RECORDS FOR THE TASK:

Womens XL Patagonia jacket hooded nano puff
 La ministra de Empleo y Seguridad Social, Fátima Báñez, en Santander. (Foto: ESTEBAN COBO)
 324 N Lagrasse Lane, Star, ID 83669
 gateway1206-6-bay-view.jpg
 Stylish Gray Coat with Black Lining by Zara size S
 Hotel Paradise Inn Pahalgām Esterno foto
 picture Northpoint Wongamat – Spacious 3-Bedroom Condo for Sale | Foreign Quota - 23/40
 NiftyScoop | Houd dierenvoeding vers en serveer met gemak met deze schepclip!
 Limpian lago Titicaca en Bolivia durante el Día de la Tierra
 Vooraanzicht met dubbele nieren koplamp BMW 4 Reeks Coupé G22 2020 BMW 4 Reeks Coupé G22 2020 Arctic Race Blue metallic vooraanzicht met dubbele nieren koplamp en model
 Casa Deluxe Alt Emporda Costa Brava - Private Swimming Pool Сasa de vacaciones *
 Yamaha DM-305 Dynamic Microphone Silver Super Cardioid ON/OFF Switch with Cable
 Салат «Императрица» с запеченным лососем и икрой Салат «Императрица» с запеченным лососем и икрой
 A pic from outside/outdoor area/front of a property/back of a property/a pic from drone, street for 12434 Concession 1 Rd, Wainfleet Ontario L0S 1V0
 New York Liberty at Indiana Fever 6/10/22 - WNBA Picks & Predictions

TASK TO COMPLETE: What is needed is a word-for-word restatement of all the data.

OUTPUT BELOW:
Womens XL Patagonia jacket hooded nano puff
 La ministra de Empleo y Seguridad Social, Fátima Báñez, en Santander. (Foto: ESTEBAN COBO)
 324 N Lagrasse Lane, Star, ID 83669
 gateway1206-6-bay-view.jpg
 Stylish Gray Coat with Black Lining by Zara size S
 Hotel Paradise Inn Pahalgām Esterno foto
 picture Northpoint Wongamat – Spacious 3-Bedroom Condo for Sale | Foreign Quota - 23/40
 NiftyScoop | Houd dierenvoeding vers en serveer met gemak met deze schepclip!
 Limpian lago Titicaca en Bolivia durante el Día de la Tierra
 Vooraanzicht met dubbele nieren koplamp BMW 4 Reeks Coupé G22 2020 BMW 4 Reeks Coupé G22 2020 Arctic Race Blue metallic vooraanzicht met dubbele nieren koplamp en model
 Casa Deluxe Alt Emporda Costa Brava - Private Swimming Pool Сasa de vacaciones *
 Yamaha DM-305 Dynamic Microphone Silver Super Cardioid ON/OFF Switch with Cable
 Салат «Императрица» с запеченным лососем и икрой Салат «Императрица» с запеченным лососем и икрой
 A pic from outside/outdoor area/front of a property/back of a property/a pic from drone, street for 12434 Concession 1 Rd, Wainfleet Ontario L0S 1V0
 New York Liberty at Indiana Fever 6/10/22 - WNBA Picks & Predictions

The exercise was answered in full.